刀には、不思議な物語を持つものが多くあります。
粟田口一竿子忠綱(あわたぐちいっかんしただつな)と呼ばれる日本刀も、そのうちの一振りです。1784年、天明4年のことです。
3月24日の午後2時頃に、江戸の城中で刃傷事件が起こりました。
田沼山城守意知に、新御番である佐野善左衛門が突然斬りかかったのです。新御番は、警備の役割を持っているのですが、番所前を通ったのが田沼意知だと知るやいなや「佐野善左衛門で御座る、覚えが御座ろう」と叫んで、粟田口一竿子忠綱の脇差を抜いて斬りかかりました。肩口を斬りつけたところで意知は逃げ出しましたが、善左衛門はさらに斬り掛かります。
渾身の力を込めて突き刺しますが、手元が狂い太腿を刺すことに留まりました。しかし傷は骨に達するほどに深く、重傷となりました。

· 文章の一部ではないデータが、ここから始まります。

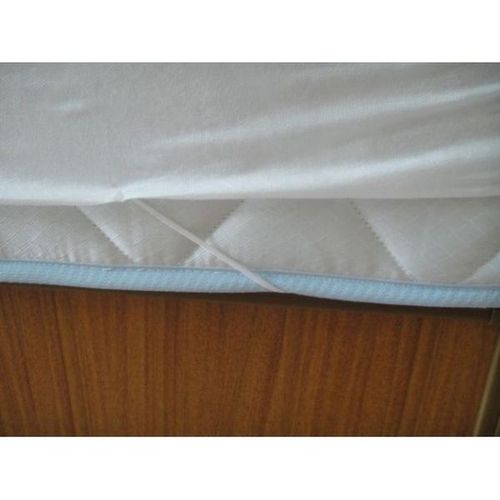 Disposable bedding set / 2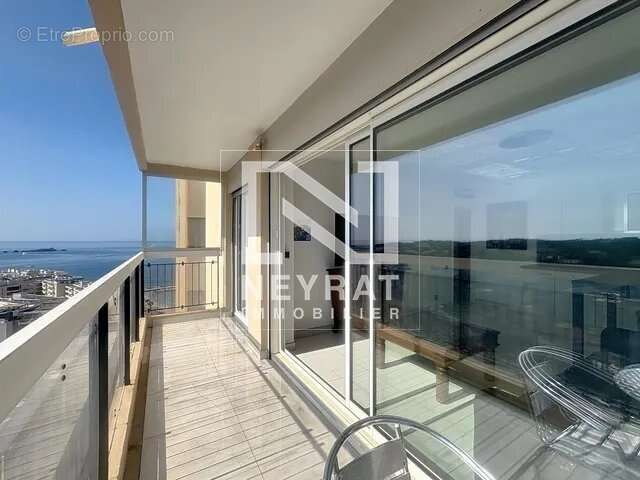 Appartement à SAINT-RAPHAEL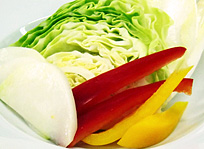 野菜は小さすぎない大きさに切り分けましょう。
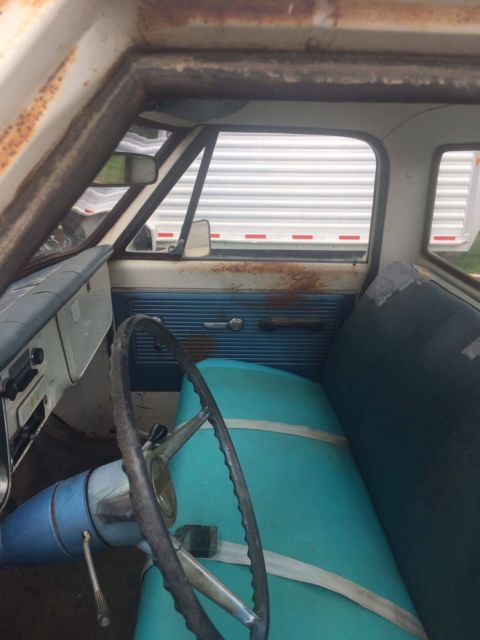 1968 White Chevrolet C-10 Standard Cab Pickup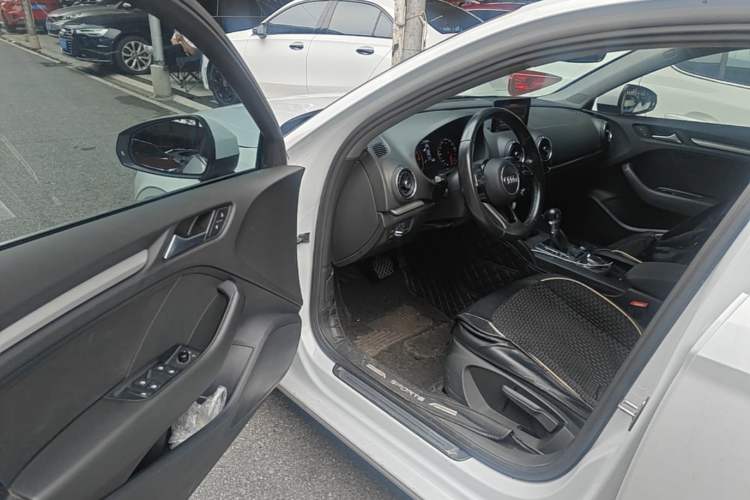 Used Audi A3 2018 30th Anniversary Edition Limousine 35 TFSI Ambition Model Driver Seat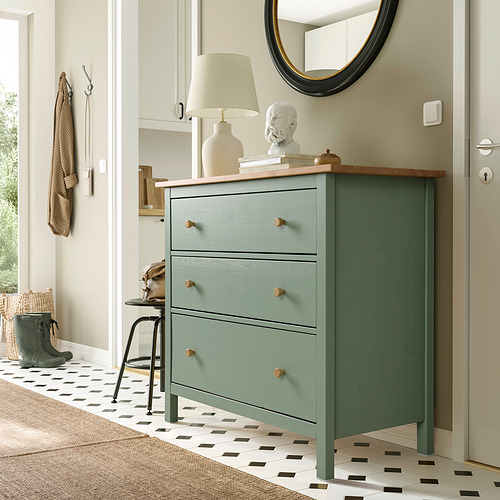 Cofre HEMNES verde con 3 cajones, lámpara, estatua de busto, taburete, ganchos.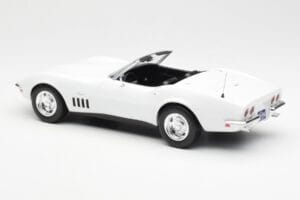 Chevrolet Corvette C3 Kabriolet Can-Am Biały Norev 1:18 189038 Metal — zdjęcie 5 z 6
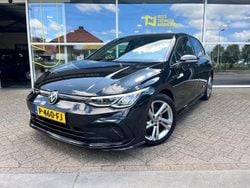 Zwart Gebruikt 2021 VW Golf VIII R-line Hatchback | € 19.495 (Goede deal)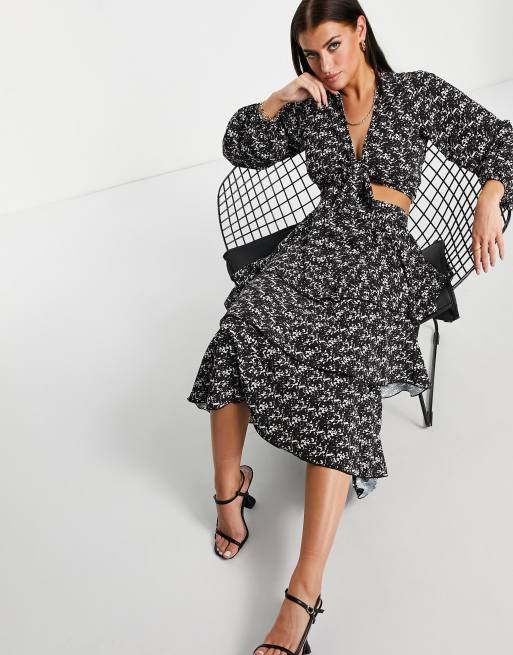Pretty Lavish Cecile tie front blouse co-ord in abstract print, 4 of 4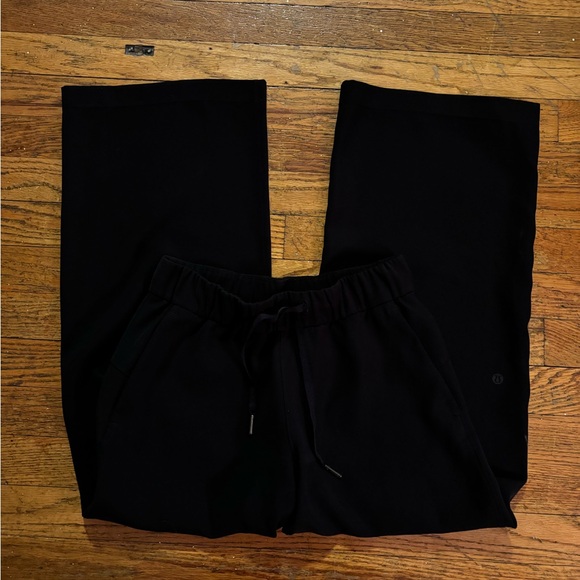 Lululemon Wide-Leg Cropped Pant - Picture 4 of 4
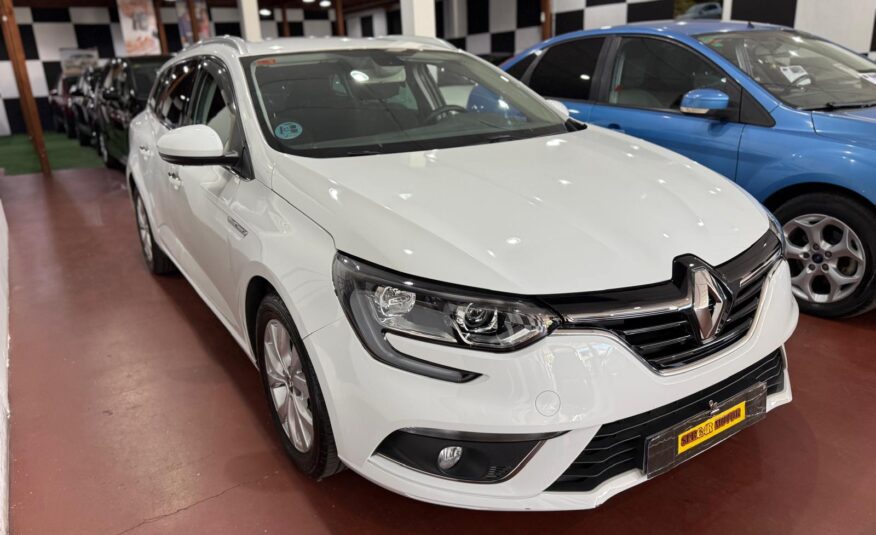 RENAULT Megane 1.5 DCI FAMILIAR 2020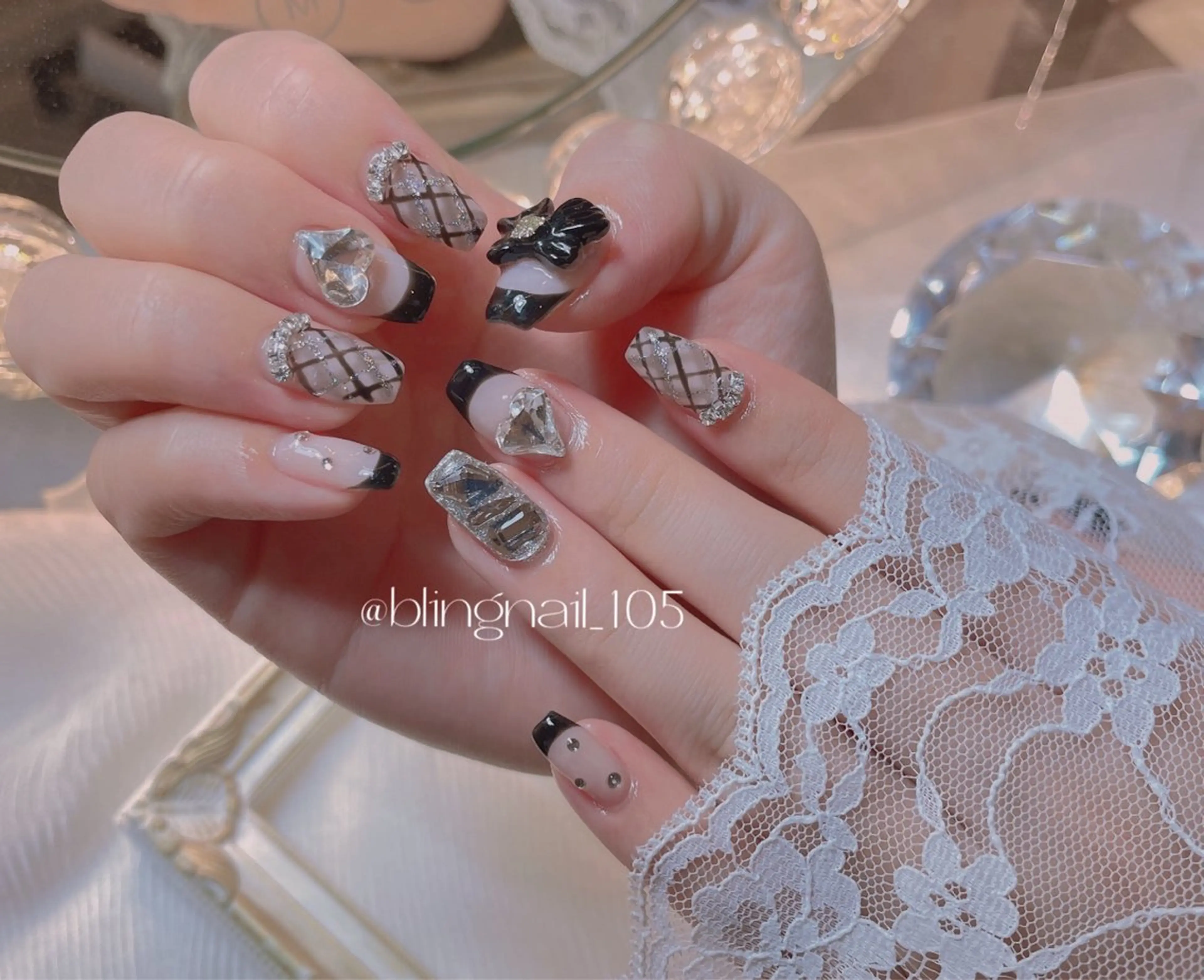 ネイル 23時まで❤︎韓国、 ワンホンネイルのネイルデザイン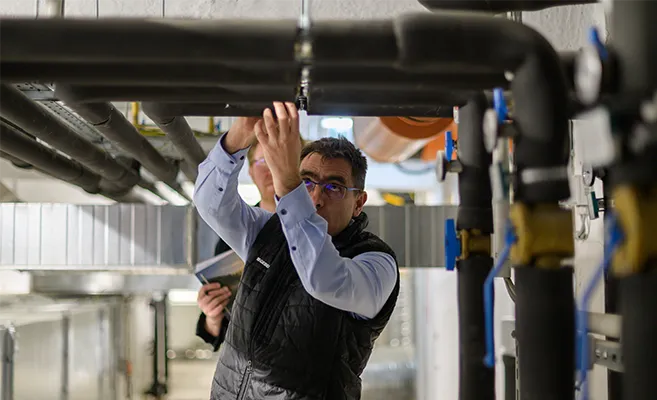 László Ratulovszky installing part of a Geberit Mapress Therm system for heating and cooling in a construction project in Hungary. (Photo)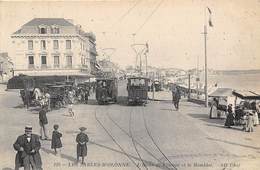 85-LES-SABLES-D'OLONNE-L'HÔTEL DE L'OCEAN ET LE REMBLAI - Sables D'Olonne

それからお目付け役である松平対馬守に見つかり、善左衛門は背後から羽交い締めにされて、持っていた刀をはたき落とされました。
すぐに善左衛門は牢屋敷送りになりました。その後に意知は怪我から絶命してしまいます。刃傷沙汰を起こした理由としては、善左衛門の生家は微禄であったために、田沼父子に引き上げて欲しくて金品を送っていた。しかし効果はなかった。
さらに山城守が、佐野家の七曜旗と系譜を見たいというので貸したが、返還をしてくれない。催促をしたが出入りを叱責までされた…という流れだと語ります。乱心していたとは言え殺人になるために切腹を命じられ、享年28歳でこの世を去ります。しかしこの直後から、高騰していた米の価格が下がり、庶民は大歓喜しました。善左衛門を世直し大明神と崇め、墓には参詣人がひしめきました。
この刃傷に使用した粟田口一竿子忠綱は米の値段とは反対に、驚くほど値段が上がったと言います。